In 1973, Dr Giacconi moved to Harvard-Smithsonian Center for Astrophysics, where, in 1978, the Einstein X-ray Observatory was launched. Before moving to become the first director of the Space Telescope Science Institute, on the Johns Hopkins University in Baltimore, in 1981, he put into action plans for the next X-ray observatory called Chandra, that still operates today.
In Baltimore, the institute was in charge of operating the Hubble Space Telescope (HST), which was then being built and tested. In 1990, shortly after its launch it was discovered that the primary mirror of the HST was unable to focus images. To address this major problem Dr Giacconi organised working groups of astronauts, engineers and experts on software and optics. In 1993, new optics were installed on HST, restoring its vision.
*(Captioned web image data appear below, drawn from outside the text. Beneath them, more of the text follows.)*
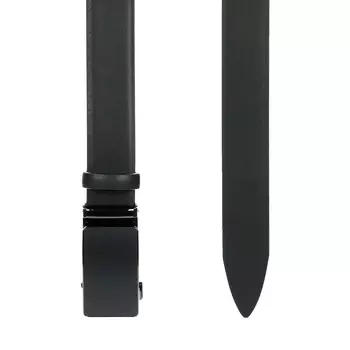 Черный кожаный ремень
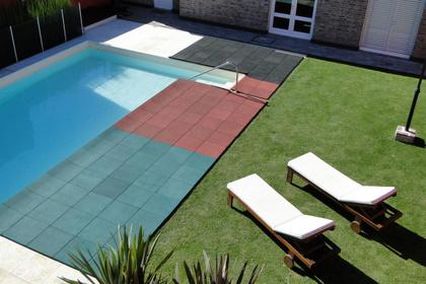 Преимущества резинового покрытия, изготовленного компанией «УкрПлит»: + При изготовлении используется сырье только высшего качества от импортных поставщиков; + Резиновое покрытие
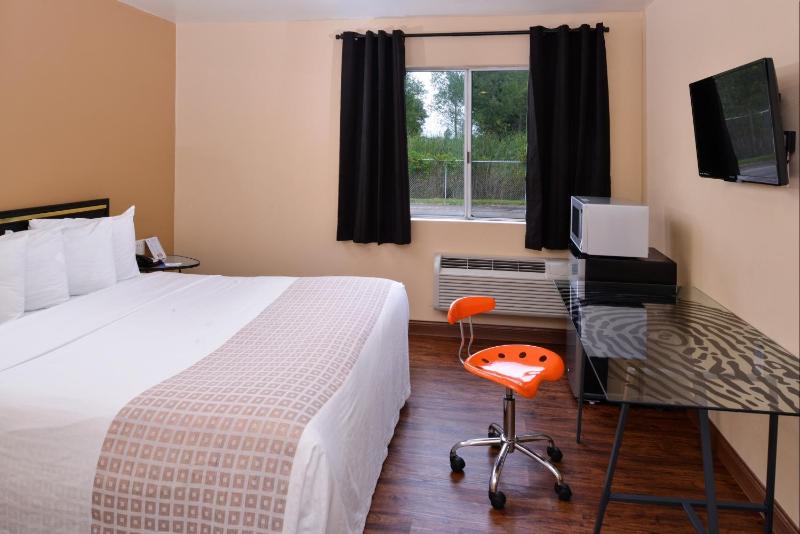 King Room image 3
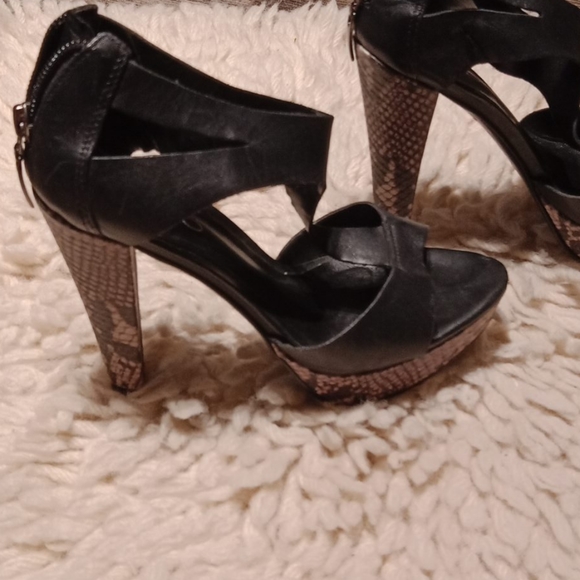 Aldo platforms - Picture 9 of 12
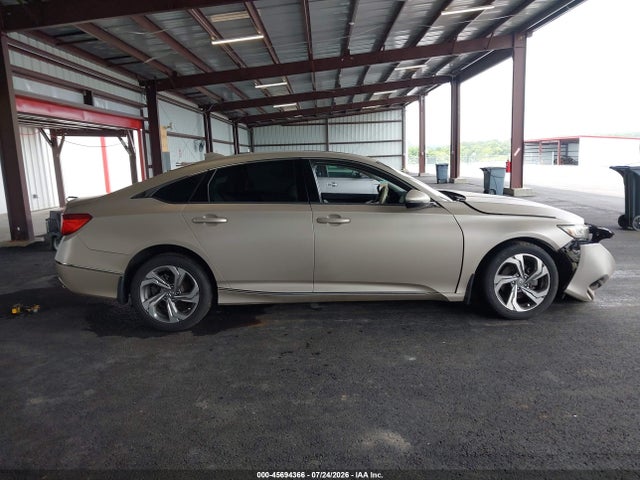 45694366 :رقم المزاد ، 1HGCV1F57JA260481 vin ، 2018 Honda Accord Ex-l مزاد بيع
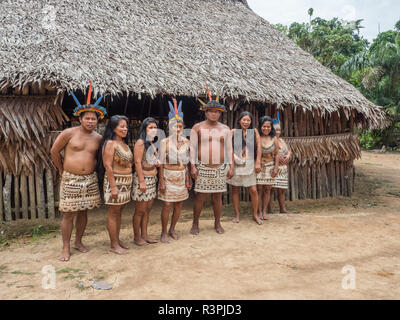 Iquitos, Pérou- Sep 26, 2018 : à partir de la tribu Bora dans son costume local Banque D'Images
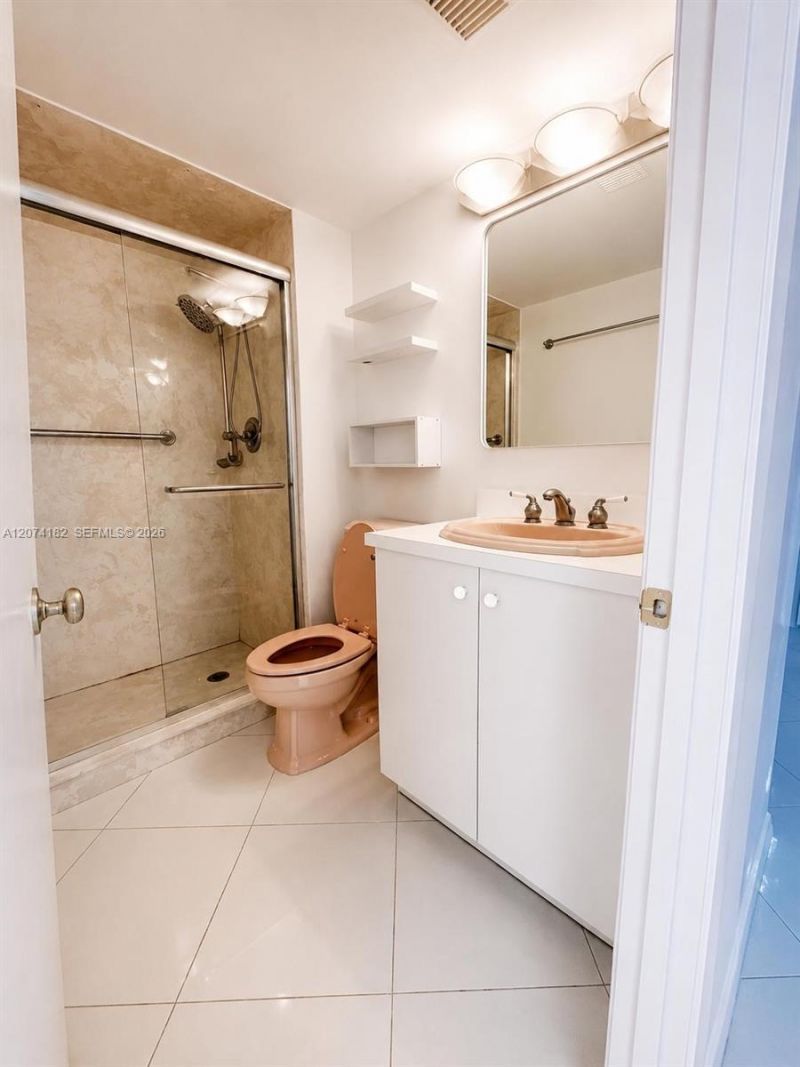 2801 NE 183rd St, Unit 1616W, Aventura, FL 33160 Photo
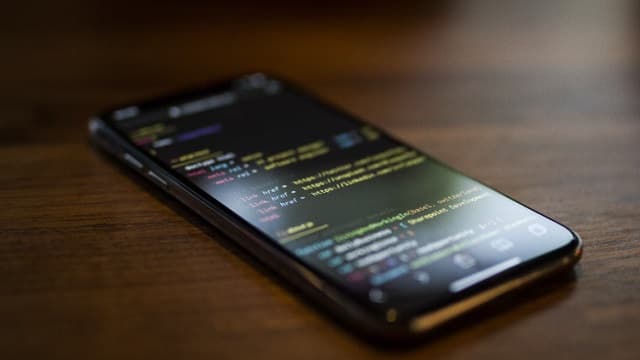 Nama Aplikasi Untuk Coding HTML di Hp Android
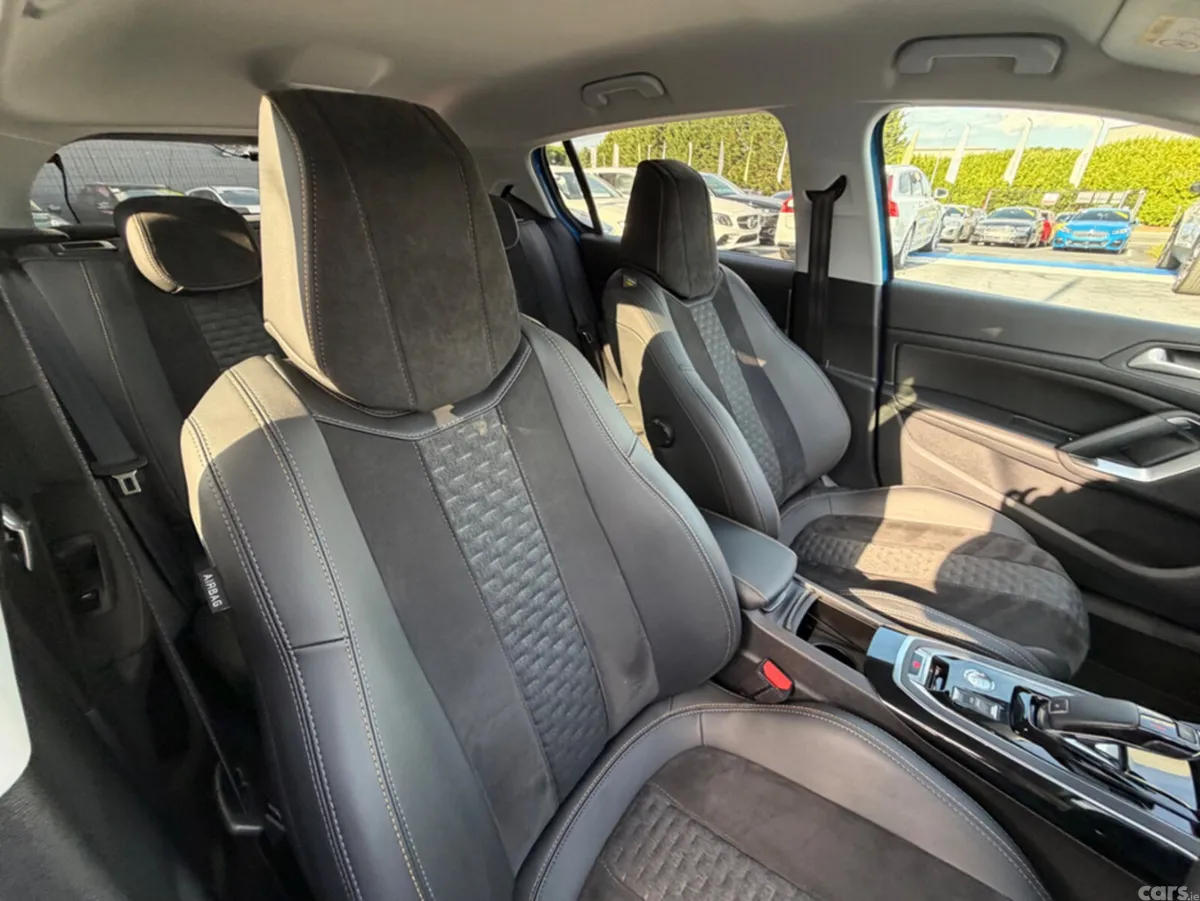 Peugeot 308 Hatchback, Diesel, 2021, Blue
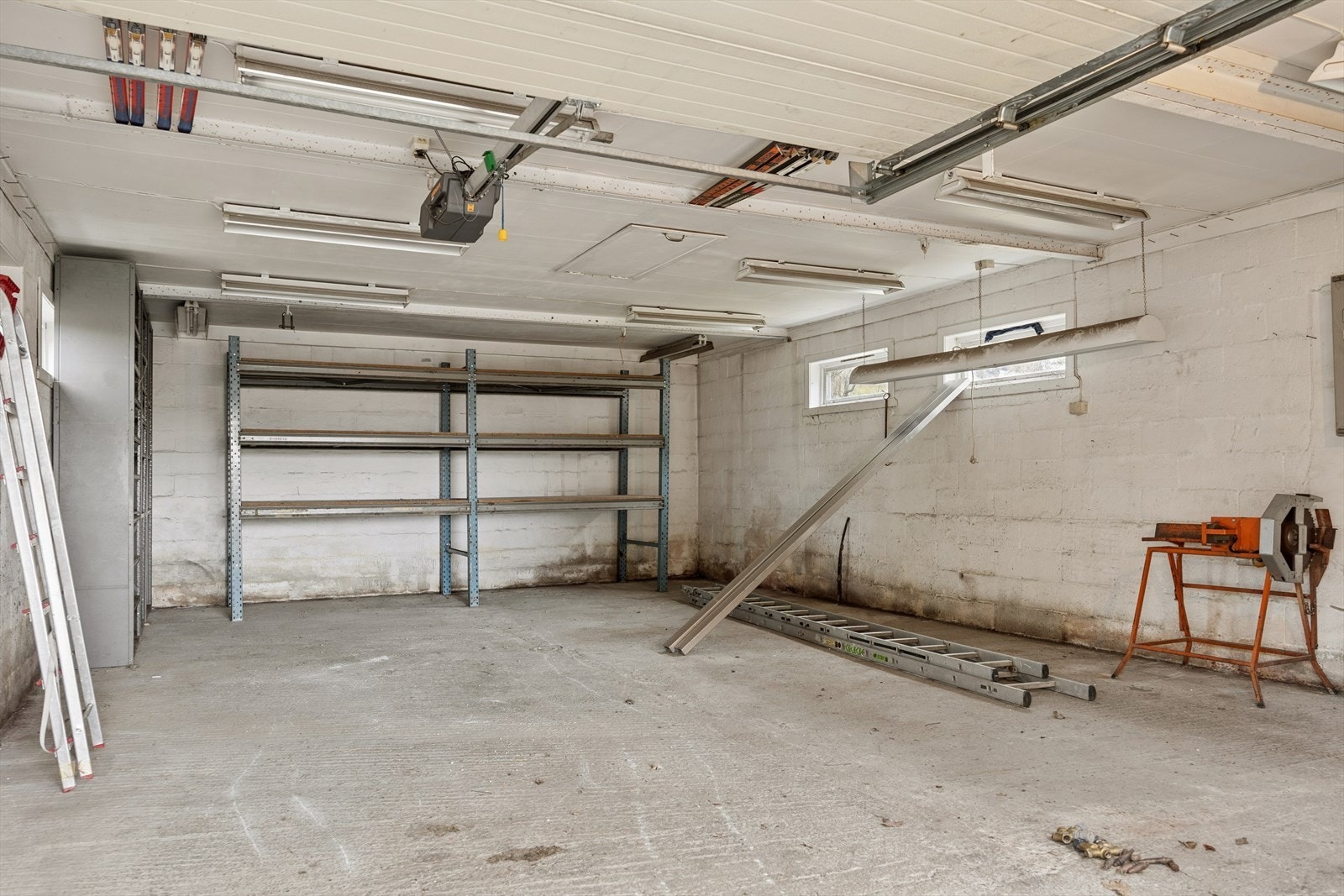 Garasje 1 innvendig. Lagringsmulighet erpå hems. Galleribilde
In the meantime, Dr Giacconi had moved to the European Southern Observatory (ESO), serving as the general director. At ESO he supervised the building of the world’s largest array of telescopes, known as the Very Large Telescope (VLT), in Chile.
Dr Giacconi moved back to the States in 1999 and become president of Associated Universities, a consortium that runs the National Radio Astronomy Observatory for the National Science Foundation. Using his previous experience Dr Giacconi helped the building of the radio observatory in Chile, named Atacama Large Millimeter Array (ALMA). ALMA commenced operating in 2011.
Meanwhile, Dr Giacconi had retired in 2007. During his career he supervised the construction of observatories that covered the electromagnetic spectrum from X-rays to radio waves. Before his retirement, in 2002, he was awarded a half share of the Nobel prize along the astrophysicists Raymond Davis Jr. and Masatoshi Koshiba, among other prestigious awards.